Short text fragments from websites:
================

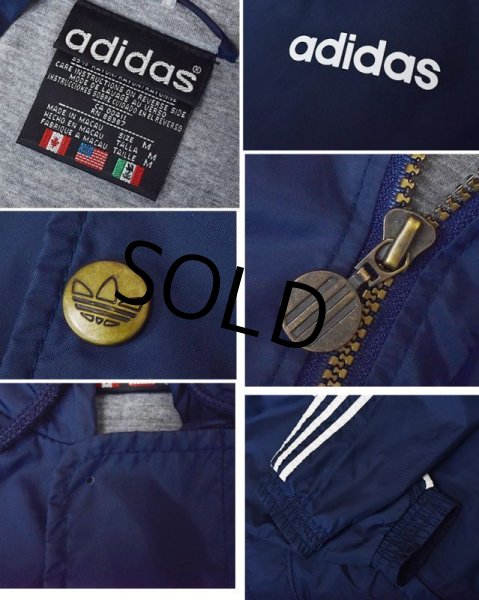 画像2: 80〜90’s【ビンテージ】【アディダス】adidas【紺×白ライン】ナイロンパーカー【万国旗タグ】【サイズM】  (2)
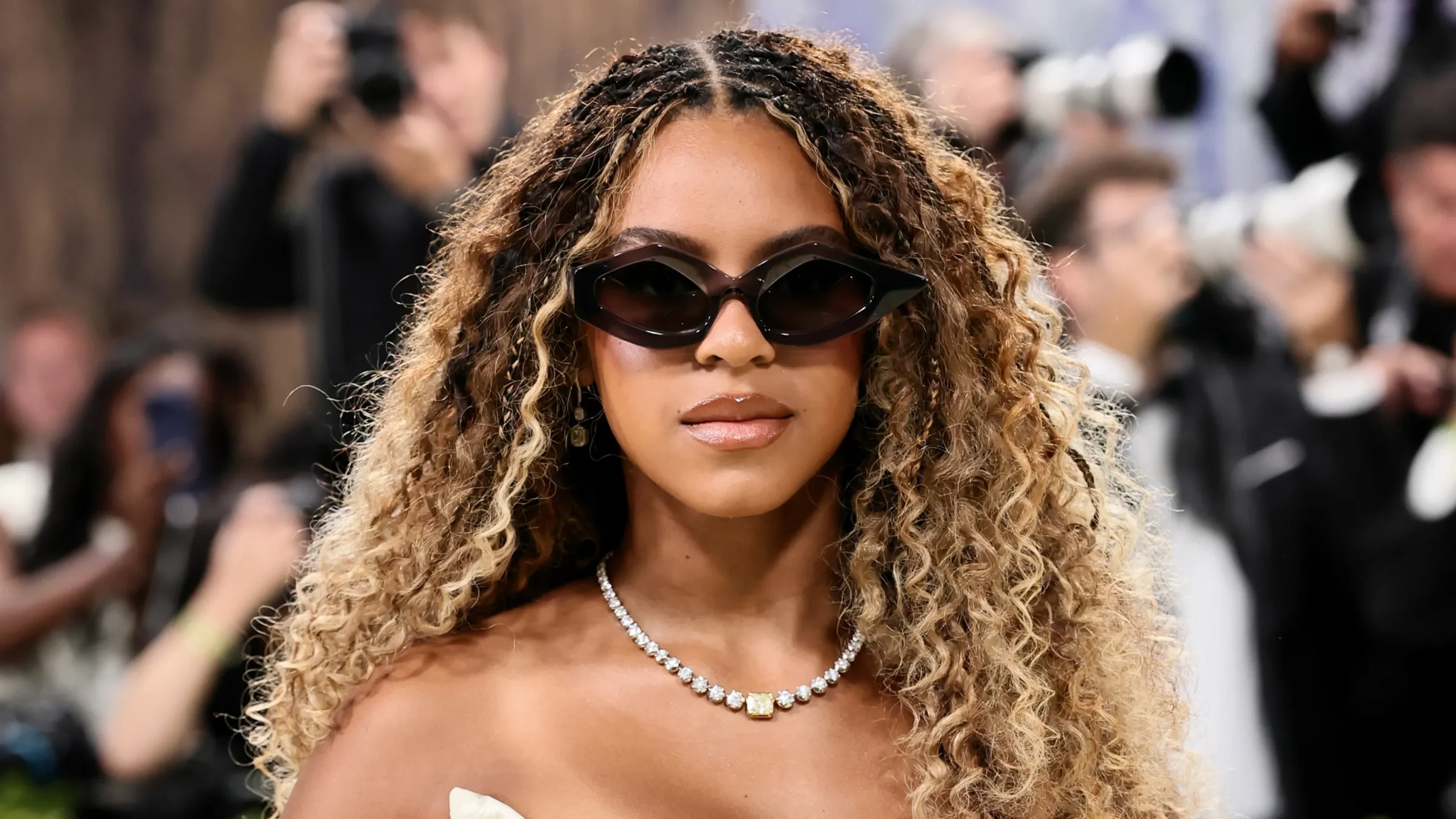 Internet Users Are Crackin' UP At Blue Ivy's Apparent Reaction To Her Team Directing Her While She Posed On Met Gala Red Carpet (WATCH)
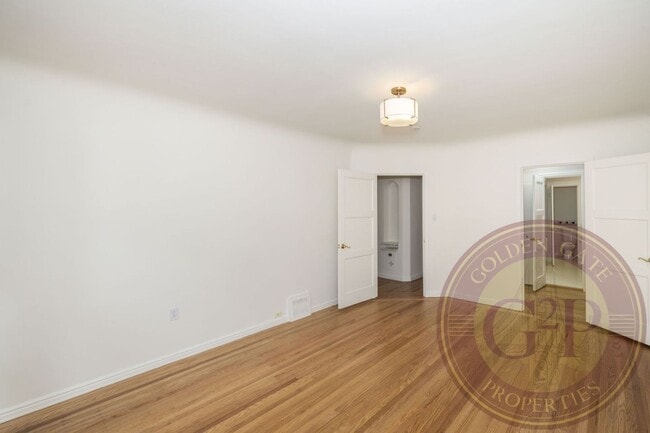 Building Photo - Lone Mountain - 3 BR, 2 BA House 2,185 Sq....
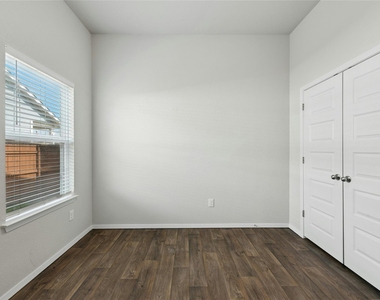 120 Lyndon Dr - Photo Thumbnail 17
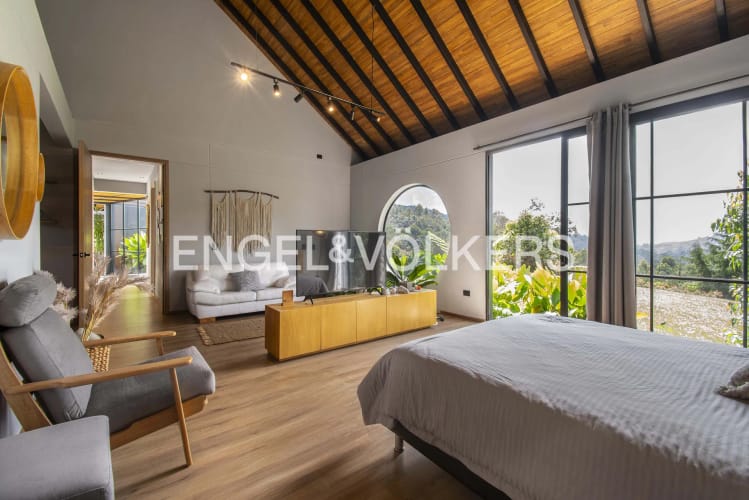 Casa de 3 alcobas en venta en El Retiro, 278 m² · foto 12 de 14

================

**What you will do**.
The expected output is every entry, retyped exactly, with all pictures removed.

**Written solution**.
 画像2: 80〜90’s【ビンテージ】【アディダス】adidas【紺×白ライン】ナイロンパーカー【万国旗タグ】【サイズM】  (2)
 Internet Users Are Crackin' UP At Blue Ivy's Apparent Reaction To Her Team Directing Her While She Posed On Met Gala Red Carpet (WATCH)
 Building Photo - Lone Mountain - 3 BR, 2 BA House 2,185 Sq....
 120 Lyndon Dr - Photo Thumbnail 17
 Casa de 3 alcobas en venta en El Retiro, 278 m² · foto 12 de 14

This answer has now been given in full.